The Home Office appears to be in breach of the Brexit withdrawal agreement, says legal charity

European citizens who have applied for settled status are being detained and threatened with deportation, a development that contradicts assurances from ministers and appears to contravene the Brexit withdrawal agreement.

The Home Office has served EU nationals with removal directions even though they could prove they had applied for settled status, which should protect their rights to remain in the UK.

Ministers have repeatedly promised that anyone who had applied by the 30 June deadline would have their existing rights protected while their case was heard.

The apparent failure to honour that agreement has prompted accusations of either “administrative incompetence” by Home Office officials or a “wilful” attempt to deport as many EU nationals as possible on the assumption they are easier to remove, for instance, than asylum seekers.

A letter from the legal charity Bail for Immigration Detainees (Bid) to the head of immigration enforcement, dated 29 July, raises concerns over the Home Office’s failure to acknowledge receipt of settled status applications in cases where it wants to deport EU citizens.

Bid says that unless a meaningful response is received from the Home Office by the end of this week, it will make an official complaint to the European Commission.

Lawyers argue it marks an important battle to protect the rights of EU nationals following Brexit. They warn that the failure to acknowledge applications could potentially affect thousands of individuals.

On Friday an EU citizen whom the Home Office wanted to deport, and who had been detained in an immigration removal centre, secured their release on bail after a judge accepted that they could not be removed because they had made an EUSS application.

Even so, the Home Office still contested their release and offered no apology or explanation why it had earlier argued there was no evidence of the application at a previous hearing and therefore could deport them.

Speaking shortly after being released, the EU national, who requested anonymity, told the Observer: “They’re trying to play with mine and my family’s lives and it’s not fair. I’m supposed to have rights.”

Pierre Makhlouf, legal director of Bid, said: “It seems that the Home Office has pre-decided the fate of certain EU nationals, perhaps believing that they are easy to remove. But in its drive to deport more people, it is side-stepping legal requirements and procedures.

“Whether this is due to administrative or wilful neglect may be unclear, but by ignoring the legal steps that EU nationals have undertaken to assert their rights, the UK is in breach of the its duties under the withdrawal agreement.”

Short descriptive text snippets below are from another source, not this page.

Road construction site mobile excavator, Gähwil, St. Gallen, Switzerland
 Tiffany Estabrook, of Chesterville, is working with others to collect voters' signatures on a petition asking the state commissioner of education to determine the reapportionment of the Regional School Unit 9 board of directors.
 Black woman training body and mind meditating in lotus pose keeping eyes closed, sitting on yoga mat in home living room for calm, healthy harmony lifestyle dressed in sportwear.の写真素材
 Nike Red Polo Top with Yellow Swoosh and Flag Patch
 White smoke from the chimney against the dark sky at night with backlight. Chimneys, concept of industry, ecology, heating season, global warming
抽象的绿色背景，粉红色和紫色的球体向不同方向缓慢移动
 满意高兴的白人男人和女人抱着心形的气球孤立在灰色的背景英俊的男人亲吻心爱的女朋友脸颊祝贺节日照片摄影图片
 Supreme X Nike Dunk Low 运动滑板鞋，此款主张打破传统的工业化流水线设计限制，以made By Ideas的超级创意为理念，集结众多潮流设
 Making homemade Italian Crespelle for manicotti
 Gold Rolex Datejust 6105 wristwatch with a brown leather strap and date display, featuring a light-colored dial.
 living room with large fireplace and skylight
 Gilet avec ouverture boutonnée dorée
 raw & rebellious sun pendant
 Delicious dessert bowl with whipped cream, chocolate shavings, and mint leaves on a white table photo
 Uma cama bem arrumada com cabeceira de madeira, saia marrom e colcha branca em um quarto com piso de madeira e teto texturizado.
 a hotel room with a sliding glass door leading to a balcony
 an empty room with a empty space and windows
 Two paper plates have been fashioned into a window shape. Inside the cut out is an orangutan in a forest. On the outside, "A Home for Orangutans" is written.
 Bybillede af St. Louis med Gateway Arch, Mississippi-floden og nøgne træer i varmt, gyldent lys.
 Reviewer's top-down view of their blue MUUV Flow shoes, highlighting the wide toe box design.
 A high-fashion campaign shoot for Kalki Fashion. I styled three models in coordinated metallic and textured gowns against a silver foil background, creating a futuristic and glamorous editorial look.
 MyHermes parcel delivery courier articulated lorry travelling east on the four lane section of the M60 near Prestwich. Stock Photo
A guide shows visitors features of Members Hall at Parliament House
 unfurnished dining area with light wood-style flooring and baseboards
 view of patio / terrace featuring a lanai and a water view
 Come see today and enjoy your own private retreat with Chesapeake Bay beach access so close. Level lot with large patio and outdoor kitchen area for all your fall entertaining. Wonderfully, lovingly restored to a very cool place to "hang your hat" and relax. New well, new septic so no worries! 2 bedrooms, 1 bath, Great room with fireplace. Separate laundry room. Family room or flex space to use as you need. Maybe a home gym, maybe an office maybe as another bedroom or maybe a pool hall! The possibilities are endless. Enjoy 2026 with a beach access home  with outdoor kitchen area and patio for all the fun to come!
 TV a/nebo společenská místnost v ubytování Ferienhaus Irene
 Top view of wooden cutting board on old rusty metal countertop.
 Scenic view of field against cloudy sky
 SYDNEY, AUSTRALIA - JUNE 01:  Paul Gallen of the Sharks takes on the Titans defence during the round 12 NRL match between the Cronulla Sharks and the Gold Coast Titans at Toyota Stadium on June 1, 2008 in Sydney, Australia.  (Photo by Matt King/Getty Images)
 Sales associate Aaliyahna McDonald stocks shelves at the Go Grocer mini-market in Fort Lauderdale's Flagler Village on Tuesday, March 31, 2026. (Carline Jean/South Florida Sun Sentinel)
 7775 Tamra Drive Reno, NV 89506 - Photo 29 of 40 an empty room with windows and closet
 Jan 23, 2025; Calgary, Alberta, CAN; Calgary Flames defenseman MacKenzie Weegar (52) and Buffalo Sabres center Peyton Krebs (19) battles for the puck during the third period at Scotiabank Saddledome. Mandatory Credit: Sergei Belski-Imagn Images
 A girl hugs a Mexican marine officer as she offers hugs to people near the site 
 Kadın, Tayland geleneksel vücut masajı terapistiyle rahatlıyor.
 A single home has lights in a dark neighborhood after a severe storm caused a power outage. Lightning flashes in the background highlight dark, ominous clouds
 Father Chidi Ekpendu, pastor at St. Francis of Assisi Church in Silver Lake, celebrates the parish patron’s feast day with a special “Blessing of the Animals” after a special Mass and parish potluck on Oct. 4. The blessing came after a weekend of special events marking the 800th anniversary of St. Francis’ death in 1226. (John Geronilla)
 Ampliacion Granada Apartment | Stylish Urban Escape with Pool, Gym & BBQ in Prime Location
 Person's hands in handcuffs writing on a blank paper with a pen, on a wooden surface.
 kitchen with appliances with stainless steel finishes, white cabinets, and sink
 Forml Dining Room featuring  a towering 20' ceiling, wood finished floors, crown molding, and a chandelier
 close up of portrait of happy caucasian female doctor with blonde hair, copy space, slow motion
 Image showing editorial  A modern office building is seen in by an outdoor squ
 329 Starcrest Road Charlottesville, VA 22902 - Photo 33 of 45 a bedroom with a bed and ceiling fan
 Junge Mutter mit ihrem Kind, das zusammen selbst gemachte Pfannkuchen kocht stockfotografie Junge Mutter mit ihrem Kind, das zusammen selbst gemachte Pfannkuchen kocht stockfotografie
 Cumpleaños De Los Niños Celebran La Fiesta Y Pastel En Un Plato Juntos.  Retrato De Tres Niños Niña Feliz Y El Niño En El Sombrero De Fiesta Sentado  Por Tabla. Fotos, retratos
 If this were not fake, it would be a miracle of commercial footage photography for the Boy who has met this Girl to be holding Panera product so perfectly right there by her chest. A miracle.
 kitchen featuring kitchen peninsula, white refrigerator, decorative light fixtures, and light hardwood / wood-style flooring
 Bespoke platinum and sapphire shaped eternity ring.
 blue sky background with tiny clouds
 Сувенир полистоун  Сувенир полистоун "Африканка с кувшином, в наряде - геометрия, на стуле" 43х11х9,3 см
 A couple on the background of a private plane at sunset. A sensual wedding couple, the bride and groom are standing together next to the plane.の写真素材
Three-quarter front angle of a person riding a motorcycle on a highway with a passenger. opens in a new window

The issue appears to relate mostly to applications sent by post instead of forwarded digitally. Araniya Kogulathas, a barrister and legal manager of Bid’s EEA (European Economic Area) project, said paper applications were used by many vulnerable and marginalised people, including the elderly and those in detention or prison who found it difficult to access a computer or didn’t have access to a valid identity document.

The numbers affected could be significant. For instance, out of 1,500 inmates at Wandsworth prison, south London, almost 500 are believed to be EU nationals.